Mindful of this variance, Commerce asks the public to comment on the addition of an appeals process,[2] and whether it should follow the framework adopted by the Department of the Interior.[3] It also asks whether hydropower licensing legislation considered in Congress might also contain useful elements of an administrative appeals process.[4] Our answer to both questions is clearly no.
While our organizations are generally supportive of an appeals process that bridges between a final condition and a lawsuit, the appeals process proposed by Interior is unacceptable. Should Commerce develop an appeals process, it should structure the appeals under the following guidelines:
I. The appeals process must be available to all stakeholders.
Interior’s proposed process would allow license applicants the sole right to initiate an appeal. Stakeholders with legal standing in the administrative proceeding would be denied access. Public participation is intrinsic to the Federal Power Act, which ensures equal access to the administrative proceeding.

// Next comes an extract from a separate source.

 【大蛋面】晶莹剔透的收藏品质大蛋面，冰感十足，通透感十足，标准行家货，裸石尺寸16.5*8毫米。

Privileging the dam owner with exclusive authority to challenge conditions is discriminatory and disadvantages all other stakeholders, undermining the balance of the licensing process.
II. The appeals process must defer to the original decision and include on-the-ground scientific staff on any review team; otherwise, the process will politicize what should be science-based decisions.

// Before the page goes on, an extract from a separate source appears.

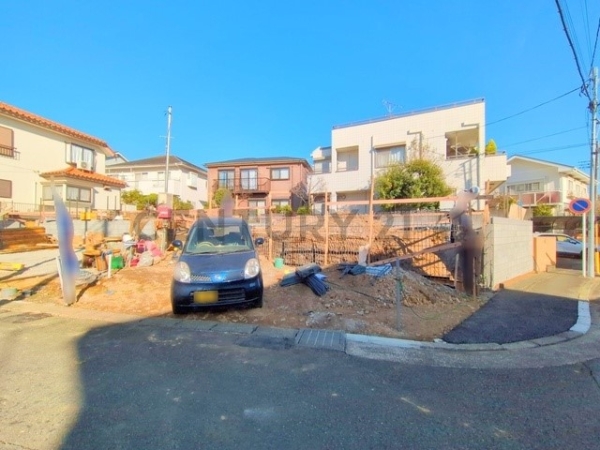 横浜市旭区上白根３丁目　新築一戸建て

The Department of Interior’s proposed process would not lead to informed decisions regarding appropriate mandatory conditions. It would invoke a de novo review. Unlike Courts of Appeal, which would defer to an agency when reviewing its decision, the proposed process would eliminate such deference. Commerce would establish a Washington D.C. policy-level team to review the decision. Under its terms, none of the members of the review team can have previously participated in the development or approval of the condition or prescription – in other words, none of them would be familiar with the relevant resources or the rationale for the condition. And, this team would be expected to review a cabinet-sized record and render a decision within 60 days.
Tight timelines, unfamiliarity with the extensive record and our resources 3,000 miles away, and lack of direct expertise are insurmountable obstacles to quality decisions and to a realistic process.
III. The appeals process should not consider criteria outside its mandate to become a basis for appeals and a factor in the decision.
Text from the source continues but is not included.